The organization began in 1998 and was run out of Schoch’s residence before moving in with Adirondack Hamlets to Huts in 2016. With its newly acquired non-profit status, the ACLC has moved again, this time to 15 Broadway in Saranac Lake.
Since its beginning, the ACLC has tripled its number of full-time workers and employs a field staff of nineteen members. This includes students from SUNY ESF’s Ecological Center and Paul Smith’s Adirondack Watershed Institute. With their ranks growing, it was time to get a larger office.
“We moved into this building about two weeks ago,” said Schoch.
While sharing their office and storefront with Adirondack Hamlets to Huts was great, there was just not enough room for the ACLC to expand and successfully complete its work.

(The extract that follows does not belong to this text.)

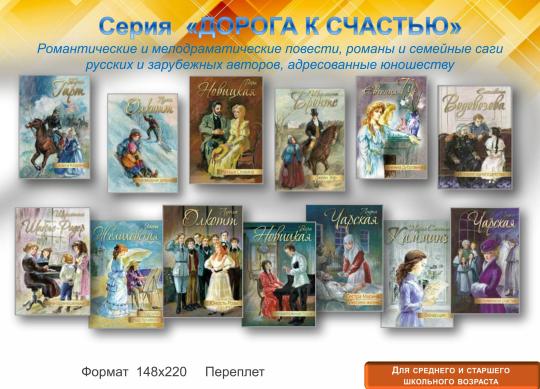 Фото 12 Книги для среднего и старшего школьного возраста, г.Москва 2017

Most of that work consists of mercury research and educational outreach with a local fisherman. The ACLC stresses the dangers of lead tackle to loons and promotes the proper disposal of fishing line to help reduce the number of loon entanglements.
Currently, the ACLC runs educational programs in communities but looks forward to hosting programs within the center itself soon. Schoch said she also hopes to add a kids’ corner and more educational displays and have a “true museum” with interactive activities within the new space.
Their duties also include referring rescue calls to Schoch for loons that have been “iced-in” before migrating in the fall.
“We get anywhere from ten, twenty, or thirty calls per year,” said Schoch, with her most being five calls per week.
And ACLC is rewarded by stories like these: a loon found wrapped in fishing line last year has two chicks this year.
“One of the fishing line loons was in bad shape, and it was questionable whether or not to send it for rehabilitation.”
Being a veterinarian and wildlife rehabilitator herself, Schoch said she gave the bird fluids, cleaned its wounds, banded it, and released it back into the wild. Recently, one of her field staff confirmed the bird was still alive and is raising two of its own chicks. The rescue took place at Jabe Pond near Lake George.
The new building has enough room for the center to keep its gift shop. In the shop, one can find rubber loons, glassware, paintings, books, mugs, T-shirts and canvas bags, to name just a few of the items.
“We try to utilize local artists,” said Schoch.
Some of the most popular items in the shop include jewelry, rubber loons, and the artwork. All photographs and artwork featured in the center are on consignment from the artists. Profits go directly to the ACLC to help fund its research.
While this is exciting, Schoch said the goal is to help the ACLC accomplish its mission of protecting loons in and out of the Adirondacks.
Schoch said none of the growth could have happened without the considerable support she received from the community.